Sorrisi e scossi la testa. Rimanemmo in silenzio sino a che non vidi la Signora O'Leary entrare nella mia visuale. Mi voltai e feci segno a Thalia di seguirmi, mentre mi incamminavo verso il mio segugio infernale. Dieci minuti e molte feste dopo io e Thalia riuscimmo a issarci sulla schiena della Signora O' Leary. 
–Hai mai fatto un viaggio nell’ombra?- 

La sentii scuotere la testa contro la mia schiena. Presi le sue braccia e mi circondai i fianchi con esse. 

–Ti conviene tenerti forte.- 

Thalia miprese in parola e si strinse a me, impedendomi quasi di respirare. Ridacchiai e lei sbuffo sul mio collo facendomi venire i brividi.                                                                       

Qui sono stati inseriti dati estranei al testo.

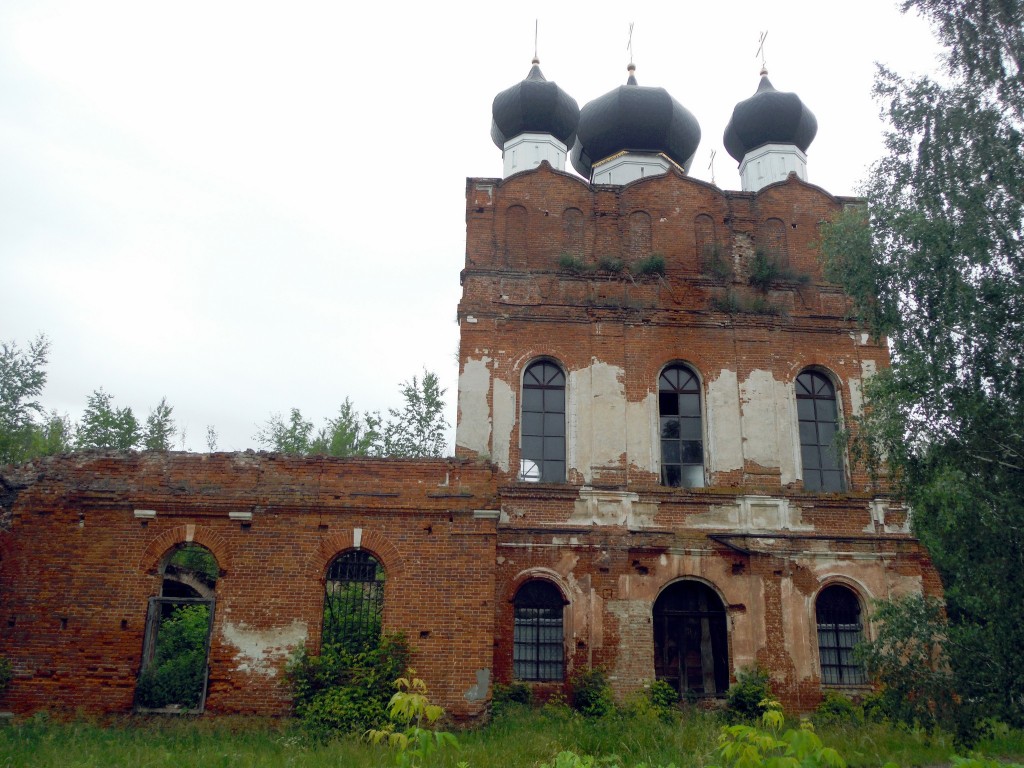 Церковь Троицы Живоначальной, Лелечи (Егорьевский городской округ, Московская область). фасады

–Nico che stiamo facendo?- chiese con una nota di preoccupazione nella voce.                                                                                               
Mi guardai intorno. La notte aveva finalmente fatto spazio al giorno e la nebbia e il vento erano scomparsi.                                                                                                                       
–Ma come?- feci un sorriso strorto. –Non volevi andare lontano e stare da soli insieme?-                                                                                                                  
Lei spalancò gli occhi e subito dopo scoppiò a ridere. Risi anch’io.